With no publicly available official data, here is what we know. China Labour Bulletin’s excellent Strike Map, the most widely cited source in news, logged 2,774 incidents for 2015, double the number of the previous year. Wickedonna, arguably the best informal source of protest of all kinds, recorded 10,425 cases of labour protests and demonstrations for 2015 – the largest category of protest, followed by those of property owners (6,625) and peasants (3,011). In addition, for reasons not specified, it separately counted protests by teachers, taxi drivers, public transport drivers and hospital employees – which accounted for another 800 labour protests. In a state media article in late 2015, the Minister of Human Resources and Social Security cited 11,007 incidents related to unpaid wages – still the single most frequent cause of labour dispute – just in the first nine months of 2015, a 34% jump from a year ago. Overall, we are looking at possibly up to 15,000 labour protests in 2015 (as possibly thousands more likely go unreported).
Never properly enforced, China’s Labour Contract Law of 2008 nevertheless provides a favorable legal framework for workers – a nuisance in the eyes of the corporate sector from the beginning – but this is about to change. Labour market inflexibility and high labour costs are cited as key problems resulting from the eight-year law, according to the China’s Finance Minister. The Minister’s comment seem to aim specifically at watering down social insurance, severance pay and restriction on casualisation. This goes against the tide of more legal protection of workers over the last decade. The Guangdong government is more direct – it insists on reducing businesses’ burden by freezing minimum wage adjustment for the next two years.
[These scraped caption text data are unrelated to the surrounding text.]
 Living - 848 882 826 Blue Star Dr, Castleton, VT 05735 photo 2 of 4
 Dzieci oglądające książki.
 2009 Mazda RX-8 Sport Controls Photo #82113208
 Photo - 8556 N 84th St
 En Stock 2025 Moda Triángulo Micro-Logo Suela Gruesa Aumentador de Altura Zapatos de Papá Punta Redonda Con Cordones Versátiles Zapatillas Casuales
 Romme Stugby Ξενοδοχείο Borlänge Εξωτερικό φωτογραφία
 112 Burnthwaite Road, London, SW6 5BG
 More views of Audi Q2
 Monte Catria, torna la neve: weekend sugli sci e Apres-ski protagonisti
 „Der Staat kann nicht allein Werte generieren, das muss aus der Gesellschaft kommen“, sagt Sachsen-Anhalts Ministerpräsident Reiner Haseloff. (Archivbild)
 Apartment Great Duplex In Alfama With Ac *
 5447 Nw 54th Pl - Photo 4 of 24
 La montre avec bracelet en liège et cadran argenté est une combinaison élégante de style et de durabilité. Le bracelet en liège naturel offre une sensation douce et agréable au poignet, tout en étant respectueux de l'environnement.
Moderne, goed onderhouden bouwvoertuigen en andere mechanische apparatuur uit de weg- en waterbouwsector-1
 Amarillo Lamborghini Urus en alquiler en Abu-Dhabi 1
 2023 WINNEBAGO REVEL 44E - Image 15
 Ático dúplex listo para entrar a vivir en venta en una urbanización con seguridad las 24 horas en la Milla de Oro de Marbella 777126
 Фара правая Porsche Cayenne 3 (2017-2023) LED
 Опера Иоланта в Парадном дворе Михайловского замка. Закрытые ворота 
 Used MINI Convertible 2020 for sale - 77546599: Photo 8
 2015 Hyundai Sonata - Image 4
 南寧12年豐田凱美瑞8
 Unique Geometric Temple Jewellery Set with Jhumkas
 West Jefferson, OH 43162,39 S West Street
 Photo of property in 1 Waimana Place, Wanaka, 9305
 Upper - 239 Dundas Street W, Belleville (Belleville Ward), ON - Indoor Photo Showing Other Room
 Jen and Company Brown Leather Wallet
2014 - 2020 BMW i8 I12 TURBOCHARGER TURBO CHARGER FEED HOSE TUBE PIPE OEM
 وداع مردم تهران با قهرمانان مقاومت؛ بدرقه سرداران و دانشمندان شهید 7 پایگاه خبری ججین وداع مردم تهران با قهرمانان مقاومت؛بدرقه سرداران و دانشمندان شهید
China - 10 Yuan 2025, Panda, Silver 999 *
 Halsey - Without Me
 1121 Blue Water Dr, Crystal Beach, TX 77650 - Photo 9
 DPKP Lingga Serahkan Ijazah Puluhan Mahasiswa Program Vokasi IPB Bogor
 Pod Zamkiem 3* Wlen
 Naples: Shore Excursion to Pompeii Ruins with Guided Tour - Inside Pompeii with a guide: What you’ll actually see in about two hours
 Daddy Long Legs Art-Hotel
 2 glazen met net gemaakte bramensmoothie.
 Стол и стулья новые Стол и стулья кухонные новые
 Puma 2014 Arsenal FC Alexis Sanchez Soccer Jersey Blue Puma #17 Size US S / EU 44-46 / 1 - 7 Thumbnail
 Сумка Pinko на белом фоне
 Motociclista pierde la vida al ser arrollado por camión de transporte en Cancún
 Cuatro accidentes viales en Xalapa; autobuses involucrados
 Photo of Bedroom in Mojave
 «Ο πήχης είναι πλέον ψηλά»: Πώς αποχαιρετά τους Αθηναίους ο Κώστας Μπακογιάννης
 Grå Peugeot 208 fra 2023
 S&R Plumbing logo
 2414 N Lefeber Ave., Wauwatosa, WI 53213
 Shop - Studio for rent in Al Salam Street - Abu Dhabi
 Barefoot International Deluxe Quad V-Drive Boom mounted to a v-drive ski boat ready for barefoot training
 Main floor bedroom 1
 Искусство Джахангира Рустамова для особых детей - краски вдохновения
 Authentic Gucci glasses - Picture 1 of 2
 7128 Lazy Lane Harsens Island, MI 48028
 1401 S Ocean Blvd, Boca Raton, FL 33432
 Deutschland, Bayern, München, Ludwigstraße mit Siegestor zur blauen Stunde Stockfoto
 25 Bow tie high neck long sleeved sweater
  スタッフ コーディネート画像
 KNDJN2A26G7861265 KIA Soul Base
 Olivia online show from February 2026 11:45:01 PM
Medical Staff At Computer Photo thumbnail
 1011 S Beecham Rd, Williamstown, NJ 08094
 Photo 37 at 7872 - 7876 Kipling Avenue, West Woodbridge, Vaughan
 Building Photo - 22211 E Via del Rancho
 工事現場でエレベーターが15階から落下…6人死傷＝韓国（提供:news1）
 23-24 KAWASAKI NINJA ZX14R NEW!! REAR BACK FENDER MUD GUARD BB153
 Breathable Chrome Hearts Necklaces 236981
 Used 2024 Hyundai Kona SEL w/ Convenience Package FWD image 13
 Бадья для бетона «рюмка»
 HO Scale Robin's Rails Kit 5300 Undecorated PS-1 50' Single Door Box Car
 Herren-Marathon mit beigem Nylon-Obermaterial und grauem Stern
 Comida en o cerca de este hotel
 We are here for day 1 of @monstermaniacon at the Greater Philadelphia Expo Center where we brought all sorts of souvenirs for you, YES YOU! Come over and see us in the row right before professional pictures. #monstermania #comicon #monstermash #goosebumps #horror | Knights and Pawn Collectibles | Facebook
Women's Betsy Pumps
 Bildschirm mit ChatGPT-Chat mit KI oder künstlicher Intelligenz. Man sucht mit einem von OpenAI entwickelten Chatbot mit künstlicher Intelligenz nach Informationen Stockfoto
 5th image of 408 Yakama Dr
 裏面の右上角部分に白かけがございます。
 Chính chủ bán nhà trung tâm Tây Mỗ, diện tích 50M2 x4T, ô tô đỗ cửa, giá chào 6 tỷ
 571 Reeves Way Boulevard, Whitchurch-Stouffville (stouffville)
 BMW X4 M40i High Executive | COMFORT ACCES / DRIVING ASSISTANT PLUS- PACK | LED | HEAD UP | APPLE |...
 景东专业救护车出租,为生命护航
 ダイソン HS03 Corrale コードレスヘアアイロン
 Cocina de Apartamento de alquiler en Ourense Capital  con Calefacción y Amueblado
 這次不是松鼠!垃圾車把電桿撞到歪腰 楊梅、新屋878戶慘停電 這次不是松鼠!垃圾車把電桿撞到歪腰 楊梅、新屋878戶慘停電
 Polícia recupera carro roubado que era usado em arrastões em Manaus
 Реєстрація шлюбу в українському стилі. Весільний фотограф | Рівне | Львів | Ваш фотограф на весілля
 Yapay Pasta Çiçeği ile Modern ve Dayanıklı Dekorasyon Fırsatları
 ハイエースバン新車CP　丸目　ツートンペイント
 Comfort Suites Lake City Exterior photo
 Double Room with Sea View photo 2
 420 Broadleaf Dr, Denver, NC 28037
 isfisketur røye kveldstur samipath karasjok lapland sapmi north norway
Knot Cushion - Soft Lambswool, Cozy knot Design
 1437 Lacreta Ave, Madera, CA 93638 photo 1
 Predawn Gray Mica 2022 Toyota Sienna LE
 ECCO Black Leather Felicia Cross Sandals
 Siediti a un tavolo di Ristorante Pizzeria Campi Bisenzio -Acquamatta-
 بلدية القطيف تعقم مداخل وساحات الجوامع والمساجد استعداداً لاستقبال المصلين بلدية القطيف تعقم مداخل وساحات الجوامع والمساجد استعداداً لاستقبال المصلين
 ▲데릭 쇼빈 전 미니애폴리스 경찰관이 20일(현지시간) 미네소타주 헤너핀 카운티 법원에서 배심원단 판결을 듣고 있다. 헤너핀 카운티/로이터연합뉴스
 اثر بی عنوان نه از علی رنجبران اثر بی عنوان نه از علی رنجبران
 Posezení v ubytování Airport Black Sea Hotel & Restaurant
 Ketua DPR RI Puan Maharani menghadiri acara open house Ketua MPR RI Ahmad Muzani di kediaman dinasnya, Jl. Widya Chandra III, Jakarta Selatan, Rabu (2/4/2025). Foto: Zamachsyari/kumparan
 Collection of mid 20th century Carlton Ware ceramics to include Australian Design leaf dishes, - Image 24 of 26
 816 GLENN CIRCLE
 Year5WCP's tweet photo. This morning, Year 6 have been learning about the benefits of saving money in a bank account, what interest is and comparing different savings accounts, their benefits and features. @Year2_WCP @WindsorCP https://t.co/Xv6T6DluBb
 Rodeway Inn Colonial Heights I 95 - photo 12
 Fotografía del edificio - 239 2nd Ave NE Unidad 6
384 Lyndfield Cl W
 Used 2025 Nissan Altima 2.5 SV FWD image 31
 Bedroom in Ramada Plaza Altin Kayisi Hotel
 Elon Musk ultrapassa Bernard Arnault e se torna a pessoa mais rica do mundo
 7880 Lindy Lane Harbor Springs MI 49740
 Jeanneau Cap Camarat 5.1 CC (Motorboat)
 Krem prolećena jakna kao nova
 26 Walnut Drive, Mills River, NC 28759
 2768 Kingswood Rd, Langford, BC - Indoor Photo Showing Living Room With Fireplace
Not feeling any sense of pessimism for the still nascent workers’ movement in China is impossible. The faltering manufacturing sector has been shutting down factories and laying off workers. The state sector is looking to cut down its bloated coal and steel enterprises with a potential loss of more than a million jobs. Some of the more vocal workers’ groups, which combine legal aid with a degree of labour organising, have been harassed and criminalised. Workers are resisting. The most symbolically powerful protest is by miners at who is formerly known as Anyuan, the birthplace of labour organising for the then tiny communist party activists in the 1920s. But materials gains made in the last twenty years are likely to be eroded, and activist organisational network in disarray. Will the labour movement be able to regroup to confront the assault?